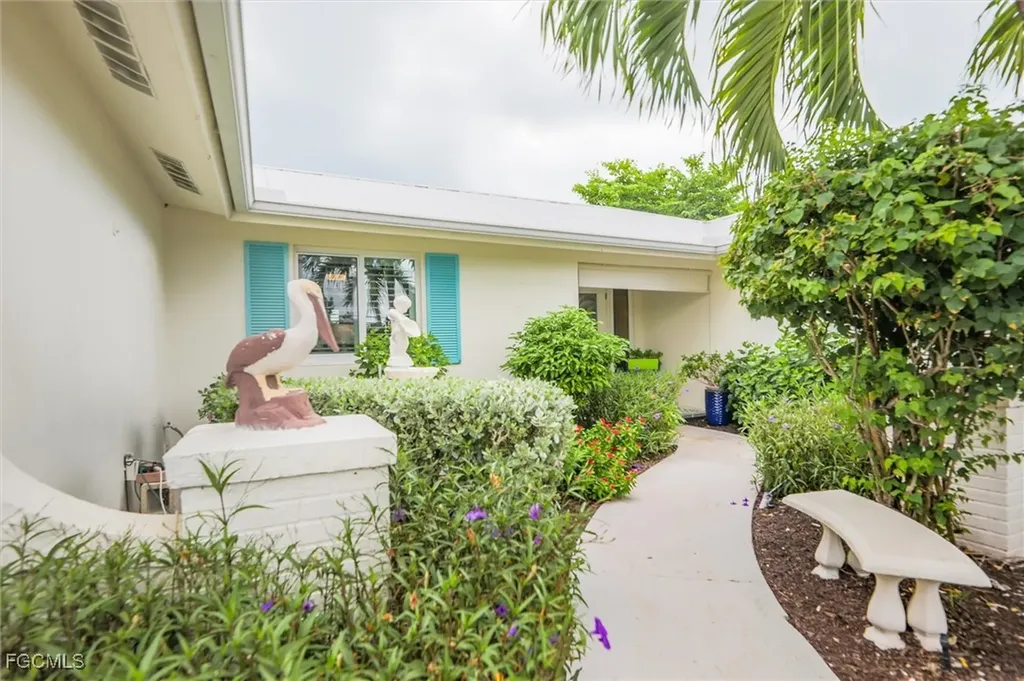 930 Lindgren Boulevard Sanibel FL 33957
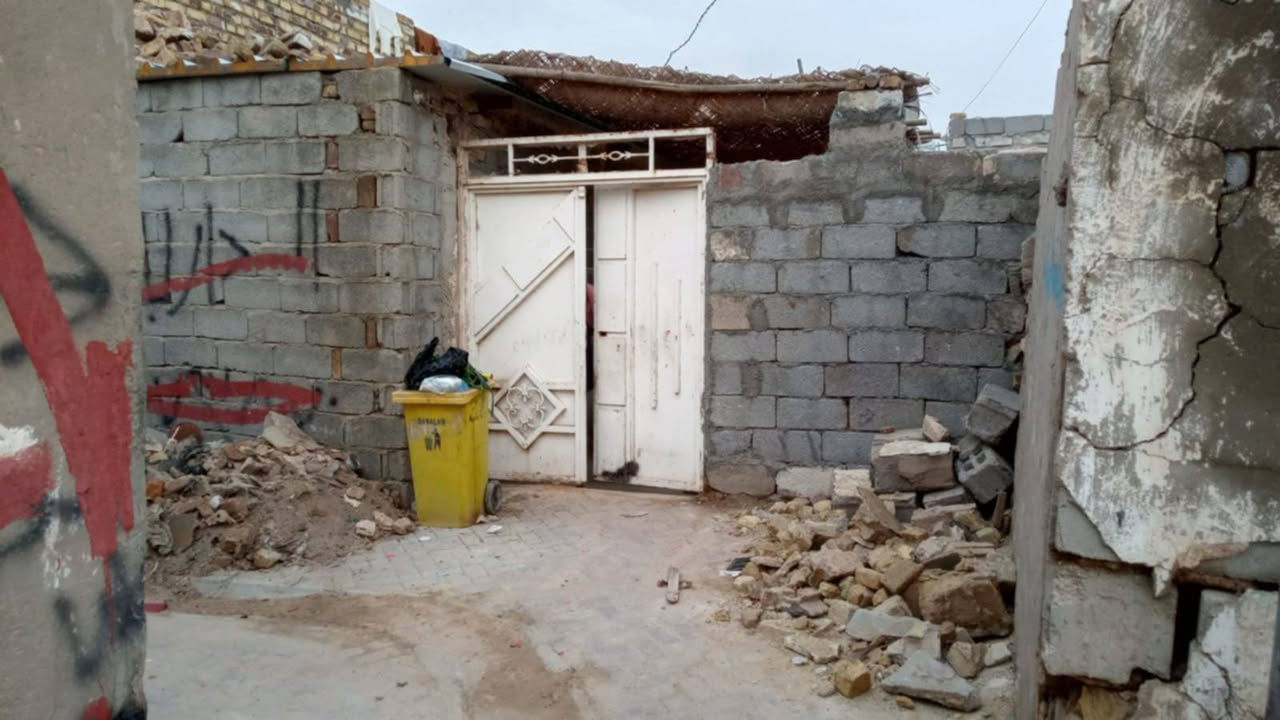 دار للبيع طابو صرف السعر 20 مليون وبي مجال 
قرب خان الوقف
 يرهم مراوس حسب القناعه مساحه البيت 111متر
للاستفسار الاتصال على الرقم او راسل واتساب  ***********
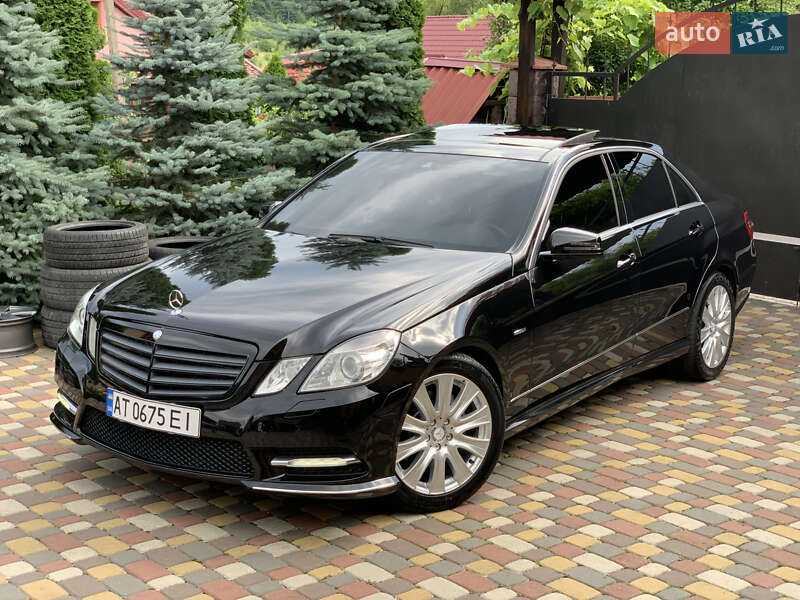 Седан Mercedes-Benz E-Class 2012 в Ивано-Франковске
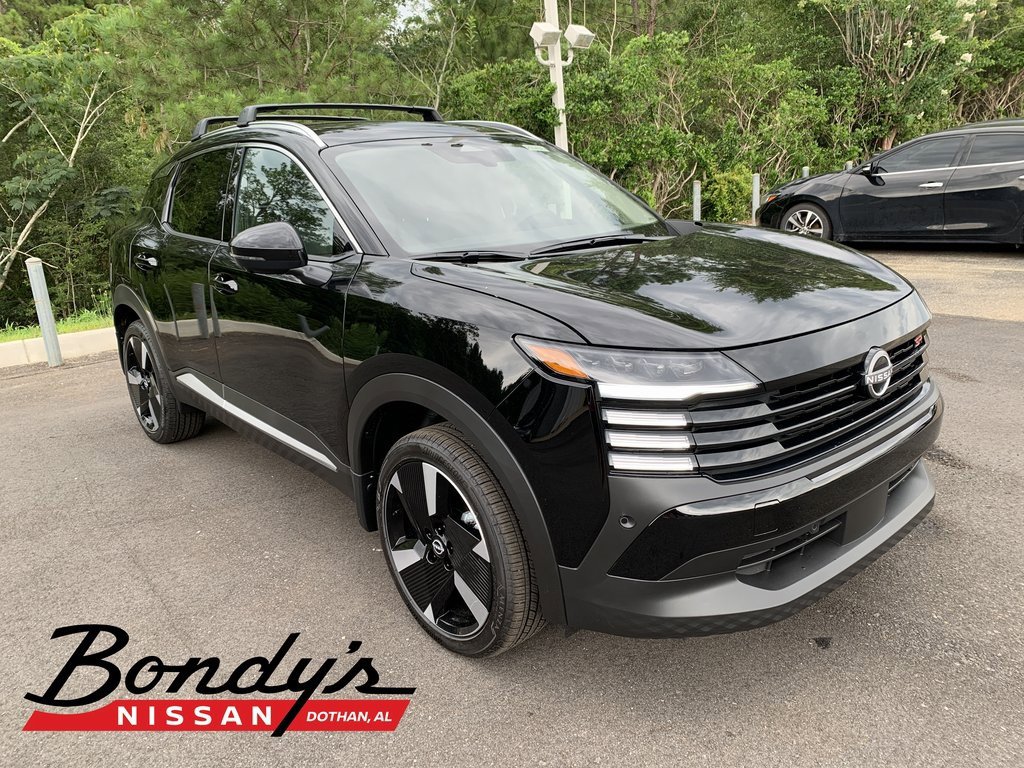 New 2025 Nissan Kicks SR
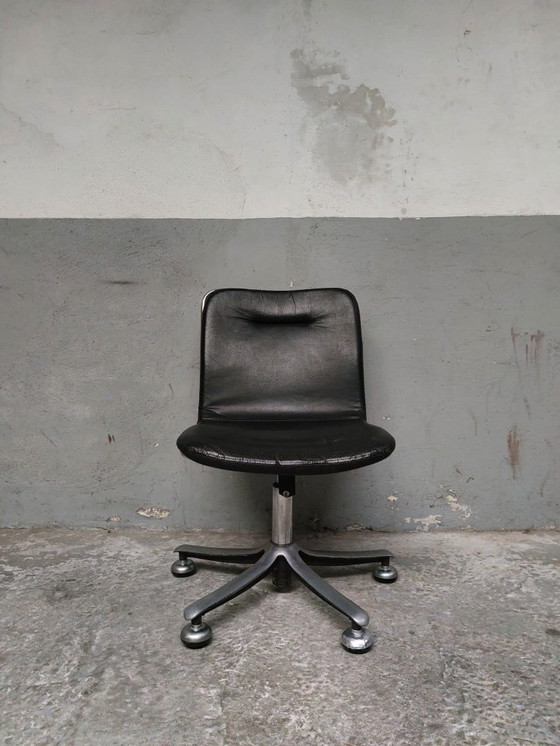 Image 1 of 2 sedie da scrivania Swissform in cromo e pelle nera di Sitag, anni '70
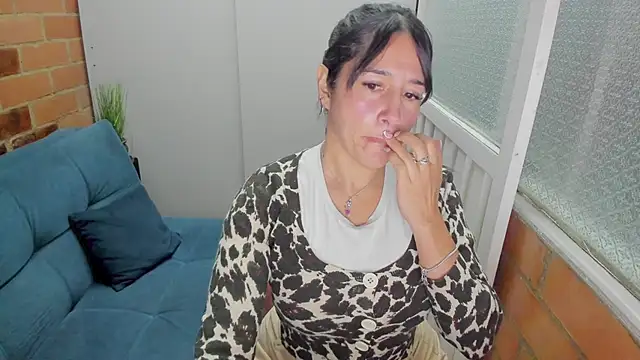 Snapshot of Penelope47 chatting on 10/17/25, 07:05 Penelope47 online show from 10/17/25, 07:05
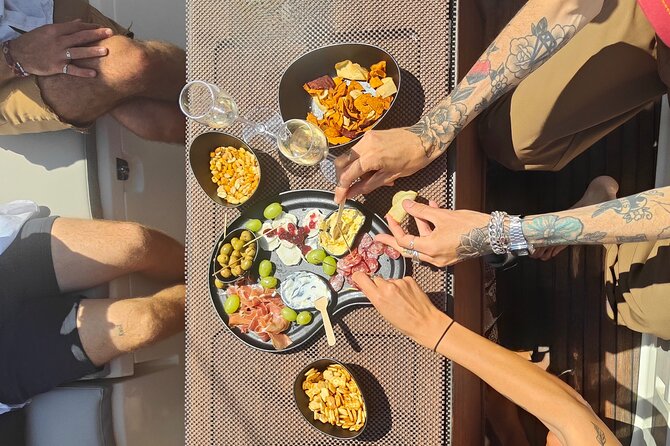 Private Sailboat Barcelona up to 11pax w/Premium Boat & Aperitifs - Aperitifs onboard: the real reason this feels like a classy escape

========

YOUR GOAL
Nothing but an exact copy belongs in the answer: the lines from the top of the records through the line containing "Image 1 of 2", minus the pictures.

EXERCISE SOLUTION
 930 Lindgren Boulevard Sanibel FL 33957
 دار للبيع طابو صرف السعر 20 مليون وبي مجال 
قرب خان الوقف
 يرهم مراوس حسب القناعه مساحه البيت 111متر
للاستفسار الاتصال على الرقم او راسل واتساب  ***********
 Седан Mercedes-Benz E-Class 2012 в Ивано-Франковске
 New 2025 Nissan Kicks SR
 Image 1 of 2 sedie da scrivania Swissform in cromo e pelle nera di Sitag, anni '70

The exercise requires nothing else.